Вся эта картина покажется еще более гнетущей, если знать, что Петкевич не только прозаик, но и художник, сценарист, поэт, актер, кинорежиссер... Это человек, одаренный органически, от природы, но совершенный самоучка, то есть самородок во всем, что стало его даром. Не учился живописи. Не учился как таковому актерскому и режиссерскому мастерству. Не учился стихосложению и прозе так, как этому учат в стенах Литературного института, все же помогая осознать многие ошибки. Поэтому его ошибки, наверное, и стали его же творческой сутью. Но картины, стихи, проза — как один подлинный мир. Этот человек, парадоксально, всю жизнь свою учится, но как тот, кто ничему не учится. Первым его образованием, высшим, был диплом института народного хозяйства. Работал инженером, потом плотником, то есть уходил от сделанного однажды выбора, и не раз, но потому, что слушался души.
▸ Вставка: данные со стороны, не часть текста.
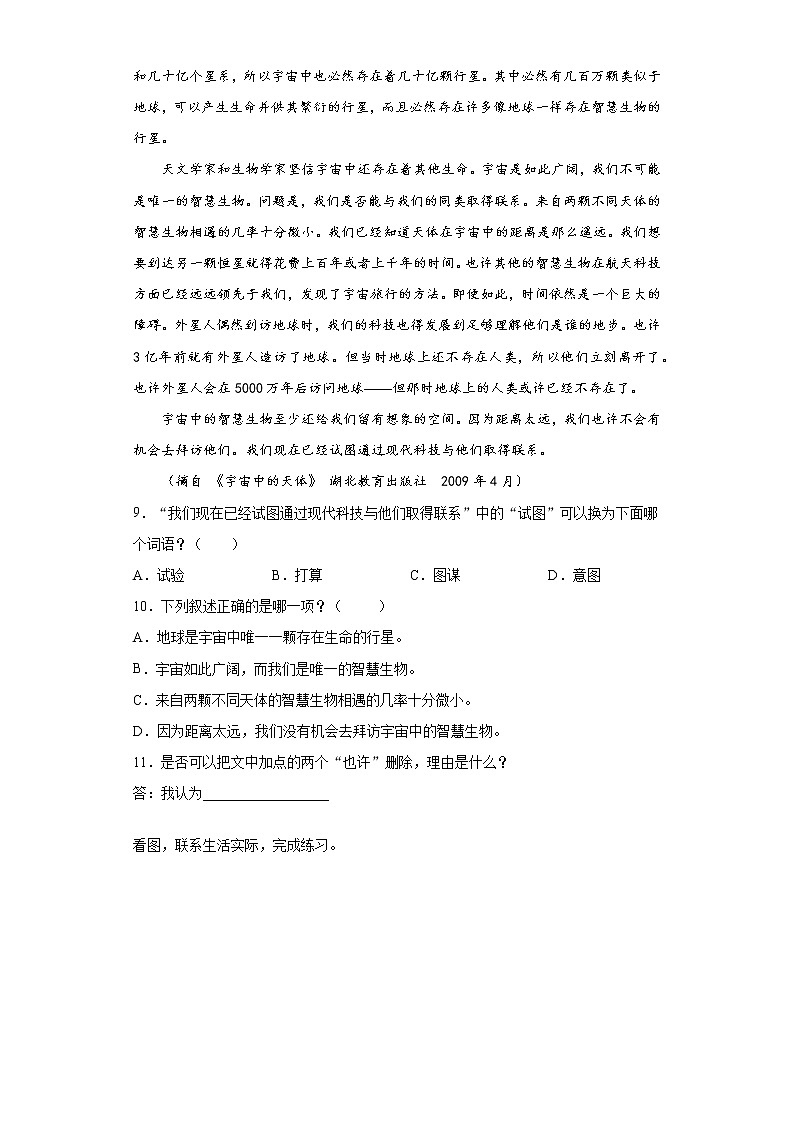 寒假作业——部编版语文四年级上册作业(二十)(含答案)第3页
Была в нем душа инженера. Потом душа плотника. От работы с живым, с деревом — ушел к мертвому. Делал надгробные памятники, а сказать иначе: стал он художником при деревенском кладбище. А почему мог-то стать, хоть не учился? Да одна могла быть причина: нравилось людям, что делал плотник. Потом нравилось, как он рисовал их умерших, какие сочинял эпитафии, а людское — благодарность ли, внимание ли, поощрение ли — делало его тем, кем становился. Поступил на сценарные курсы, потому что писал уже к этому времени прозу, а стен Литинститута боялся — от них шибало советской литературой, опустошенностью. Была и еще причина: увлеченность творчеством Геннадия Шпаликова и очарованность его личностью, судьбой... Творчеством легким и светлым, личностью сложной и трагической; и судьбой, которой положила конец какая-то безысходная и неотвратимая смерть. В своей автобиографии Петкевич пишет так: “Шпаликов для меня очень много значил. Он оказал на меня огромное влияние еще до того, как я поступил на курсы. Я выработал свой литературный стиль, во многом учась у него,— ведь писал он необыкновенно легко”. Учился тому, как писать, когда “воздух струится сквозь слова”, но у того, кто правды в своей жизни искал, будто смерти.
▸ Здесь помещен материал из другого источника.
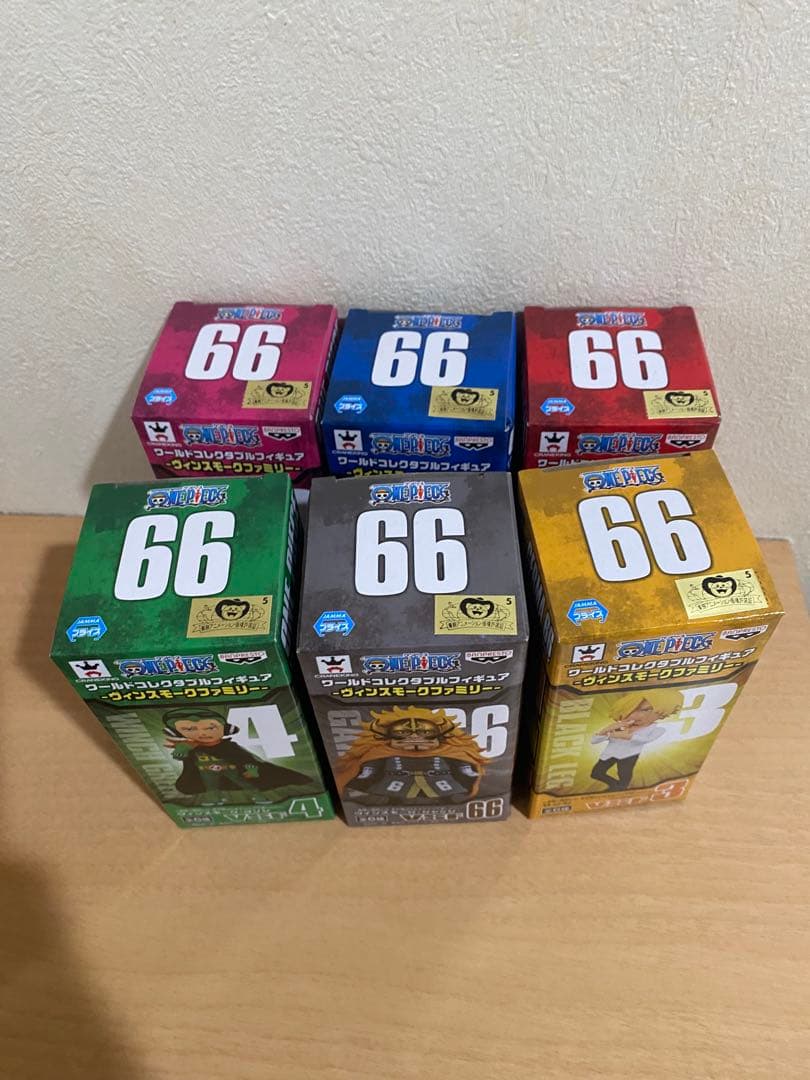 ワールドコレクタブルフィギュア ヴィンスモークファミリー 2338725323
Работая в кино, Петкевич снял как режиссер единственный фильм — короткометражку по сценарию Геннадия Шпаликова “Жизнь обаятельного человека”. Потом работы в кино для него не стало. Начал рисовать, искать в этом для себя выход, но в живописи оценили как “аутсайдера” — творчеством “аутсайдеров” на языке галерейщиков зовется художество душевнобольных людей. В своих предисловиях Павел Финн пишет, что творцом во всем сделала его ученика одаренность леонардовского свойства. Но при всей справедливости этих слов о самобытном и органичном даре Юрия Петкевича знаешь судьбу человека, отвергнутого оценщиками, чуть не во всех ипостасях... С каких-то пор, натыкаясь в одном на стену, он пытался сделать что-то важное и нужное в другом. Попытки такие были как пытки: призванный людьми, оказывался неожиданно для себя в пустоте средь таких же людей.
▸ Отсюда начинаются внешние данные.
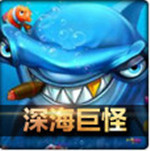 7298捕鱼达人游戏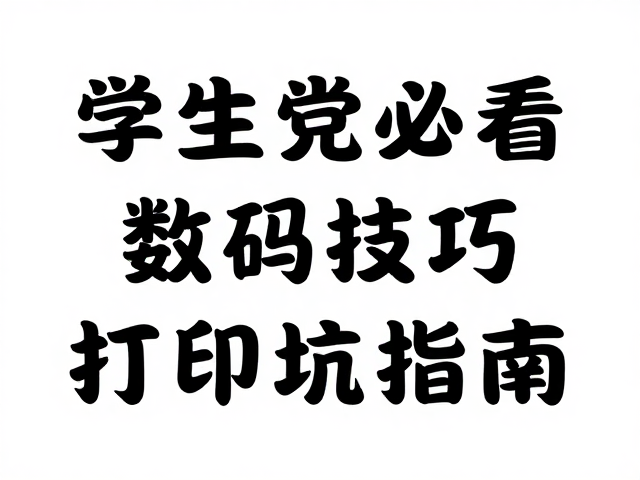 标题排版中的视觉层级与空间留白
В литературе это похоже на какой-то суд молчаливый. Обвиняемому дали слово. Формально это слово, то есть прозу Петкевича, не прочли, не приняли к сведению. Ни строчки за много лет. Но ведь, конечно, все годы читали, приняли к сведению, только вот молчат. И это время молчания, отчуждения уже для самого писателя, для которого лишь критика есть самый очевидный образ и подобие его читателя. Такая формальная тупая критика, как система, приводящая в исполнение лишь приговоры? Такая пустая никчемная проза? Такое безразличное время? И вот неумолимая логика его собственной судьбы: первой судьбоносной публикацией прозаика Юрия Петкевича этого, начатого как будто заново, времени стало повторение — “Явление ангела”. Уже не рассказ, а книга под таким названием. Начинается она так: “Всю жизнь Сапожков искал смысл жизни... Один раз он напился и пошел в баню”. Такое вот странное начало. Такая вот странная судьба.